Any help is appreciated...

vessel
  • 13
  • 1
  • 6
  • 5
    It's fine to link to previous questions but try to include sufficient context here for this question to be answerable by itself. It's not clear at the moment what you're trying to do. – Tom Fenech Nov 24 '17 at 09:08
  • It's more of a syntax error question, rather than what I'm trying to do actually... Anyway I edit question to make it more clear. – vessel Nov 24 '17 at 10:17
  • Do you have `FS="\""; $0=$0; CIP=$4;` just in the middle of the script, not inside a block `{ }`? – Tom Fenech Nov 24 '17 at 10:22
  • @TomFenech : thanks I did it but still get syntax error at `(buffer[CIP]==0) { cmd="geoiplookup "CIP; cmd | getline buffer[CIP]; close(cmd) }` – vessel Nov 24 '17 at 10:28
  • Now you have an opening `{`, but no closing `}`... – Tom Fenech Nov 24 '17 at 10:33
  • @TomFenech : I have a closing `}' $1` but includes the buffer() also, do you think that's the syntax error? I need buffer to be before print results... – vessel Nov 24 '17 at 10:51
  • Another quick fix, would be to put `if` in front of your buffer line, i.e. `if (buffer[CIP]==0) { cmd="geoiplookup "CIP; cmd | getline buffer[CIP]; close(cmd) }`. As I assume, your awk has only one rule, – kvantour Nov 24 '17 at 11:52
  • If you want help fixing a syntax error, doesn't it just make sense to tell us what the syntax error message is? – Ed Morton Nov 24 '17 at 15:44

1 Answers1

1

I do not see a direct problem with the buffering, as it seems to work in this example ::

echo "172.217.22.132\n172.217.22.132" | \
     awk '{CIP=$1}
      (buffer[CIP]==0) { print "Calling geoiplookup";
        cmd="geoiplookup "CIP;
        cmd | getline buffer[CIP];
        close(cmd) }
      {print buffer[CIP]}'

This produces:

Calling geoiplookup
GeoIP Country Edition: US, United States
GeoIP Country Edition: US, United States

As you see it is called only once, so the buffering works.

There is however a bug in your code, the following should work better.

awk  'BEGIN{OFS=","}
{ FS="\""; $0=$0; CIP=$4; }
(buffer[CIP]==0) { cmd="geoiplookup "CIP; cmd | getline buffer[CIP]; close(cmd) }
...
{print "CIP,..." >> mysql.infile }' $1

I think the main problem here is the understanding of the awk syntax.
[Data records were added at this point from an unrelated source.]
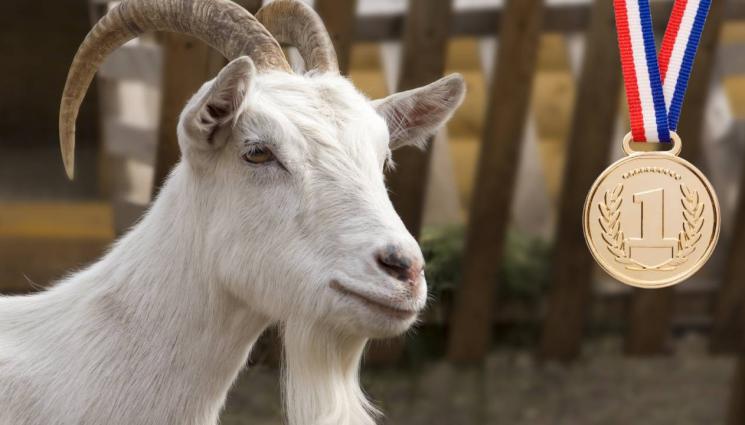 козел - ПЪРВЕНЕЦ: Козел пъхна маратонци в малкия си джоб! (СНИМКИ)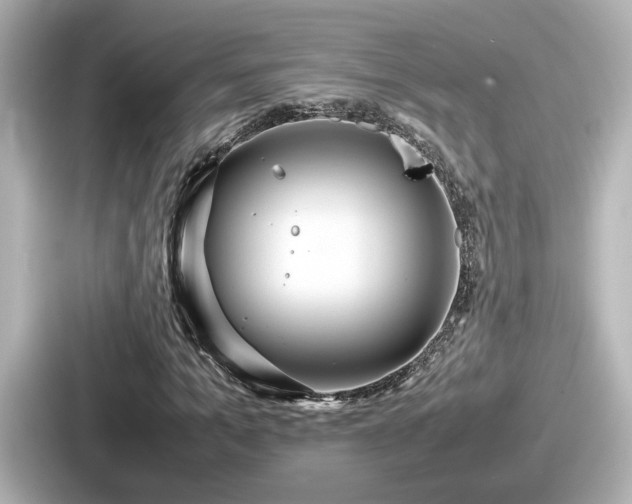 X0000087640965200705101044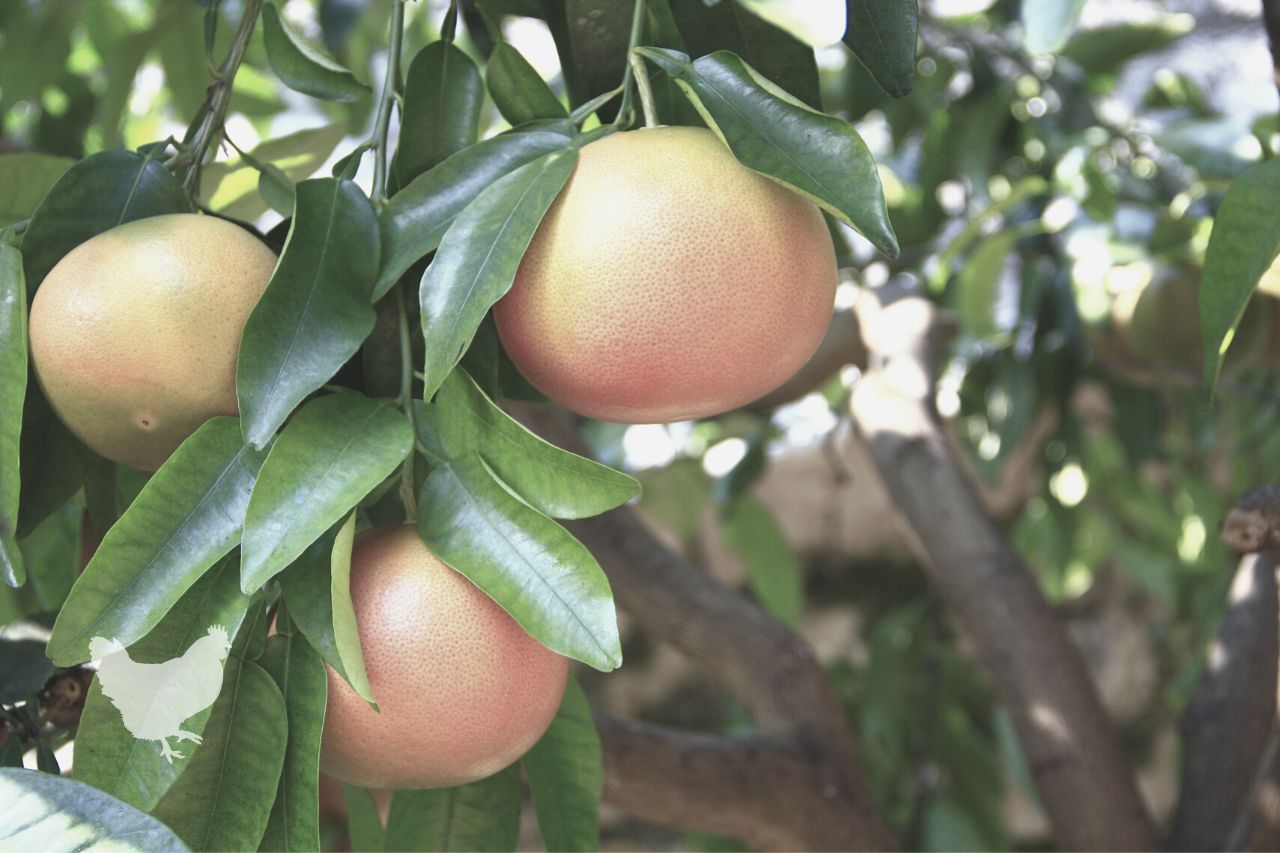 Should You Eat The Skin On Grapefruit?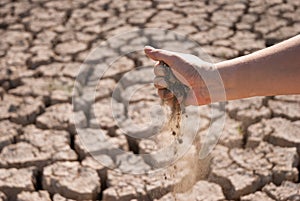 Parched land with hand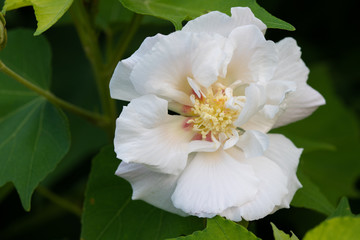 白い芙蓉の花のアップ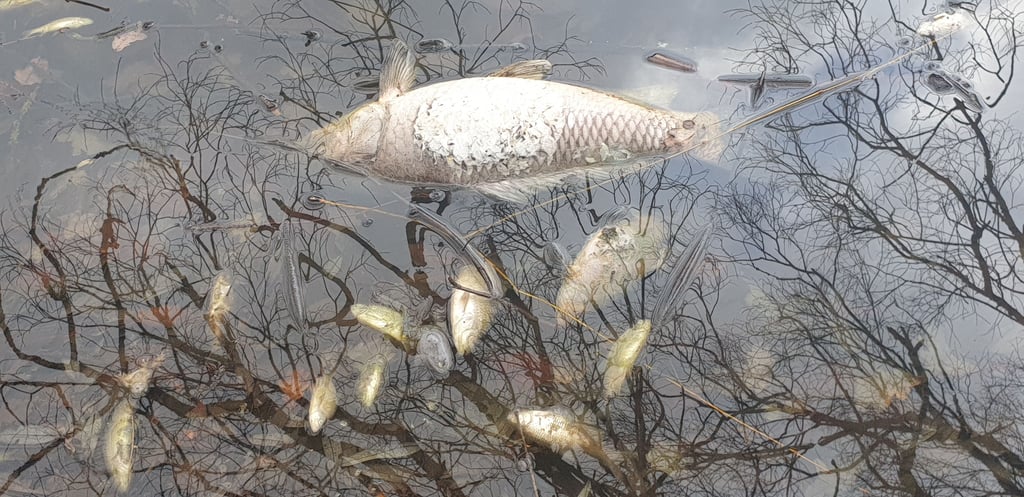 Die Fische verendeten in einem Teich in Ahlsdorf.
In its simple form, you should understand awk as a line or record parser. The awk language is build out of a set of rules of the form

pattern1 { action1 }
pattern2 { action2 }
...

Which should be interpreted as : if pattern1 is satisfied, perform action 1 on the current line. then continue to pattern2. If no pattern is given, it assumes to be true and the corresponding action is executed.

In the first example above, there are 3 rules.

  • {CIP=$1} states that as a first action put the variable CIP to $1
  • (buffer[CIP]==0) { print ... } states that the second action (print ...) is only performed if buffer[CIP] is zero, i.e. the value is not yet computed.
  • the final rule states print the buffered value.

I hope this helped.

kvantour
  • 25,269
  • 4
  • 47
  • 72